You can hit anyone for any reason.
Washington's erasure of the Westphalian principle must be one of the most extreme cases of hubris in world history. What is important about this for EWR investors is Killebrew's logical observation: as the protective function of borders evaporates, he says, military power "matters more and more."
The other big development in Chaostan is the use of mercenaries.1
At their peak in 2008, there were more than 160,000 mercenaries operating in Iraq. They outnumbered the uniformed Army, Navy, Marines and Air Force combined.2
The mercenary casualties are "off the books," no reliable count is kept by anyone we know of, so these casualties do not affect the political decisions about getting into a war or about staying in one.
Most importantly, mercenaries are called military contractors, which leads us to assume these are all guys who are our friends and neighbors, who were in the US armed forces and went private.
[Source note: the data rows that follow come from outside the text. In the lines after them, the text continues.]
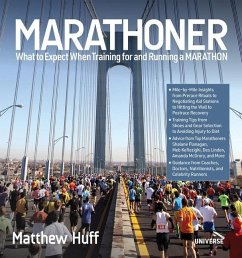 What to Expect When Training for and Running a Marathon - Huff, Matthew; Kayser, Jayson
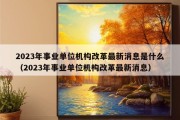 2023年事业单位机构改革最新消息是什么（2023年事业单位机构改革最新消息）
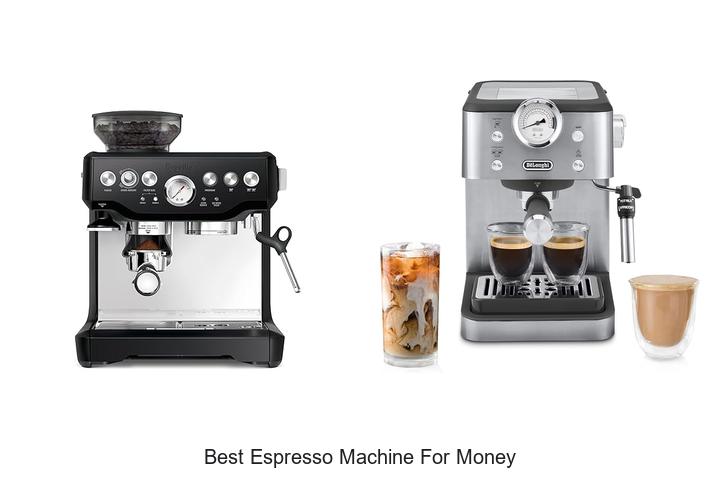 best espresso machine for money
They're American troops but they just aren't wearing uniforms.
Actually, a lot of them are Iraqi and Afghan warlords and their troops who are on the federal government's payroll.
For instance, Washington doesn't have enough of its own troops to secure the supply lines from Pakistan to Afghanistan, so it hires local warlords to do it. These warlords are paid a hefty amount of our tax money, part of which they hand over to al-Qaeda or the Taliban to buy passage along the road.
In effect, dear fellow taxpayer, the use of these mercenaries means our money is buying weapons and ammunition for al-Qaeda and the Taliban.
Mercenaries have worked so well for Washington — because they are, in effect, Washington's private army that is not subject to the law or to political debate — that lots of other governments around the world are getting interested in them.
So, returning to the point I made earlier, political power corrupts not only the morals but also the judgment. We're now seeing this demonstrated yet again, in Chaostan, specifically in Iraq and Afghanistan.
Put the two new Chaostan factors together — the abolishment of Westphalia and the rise of mercenaries — and what picture do you get?
The one I get is, kings, presidents and prime ministers with their own private, secret armies that invade other countries without regard for any law or any political process.
If you think the last two decades have been filled with war, you haven't seen anything yet.
1 "Contract terms," Armed Forces Journal, June 2011, p.8.
2 "In this issue," Armed Forces Journal, June 2011, p.6.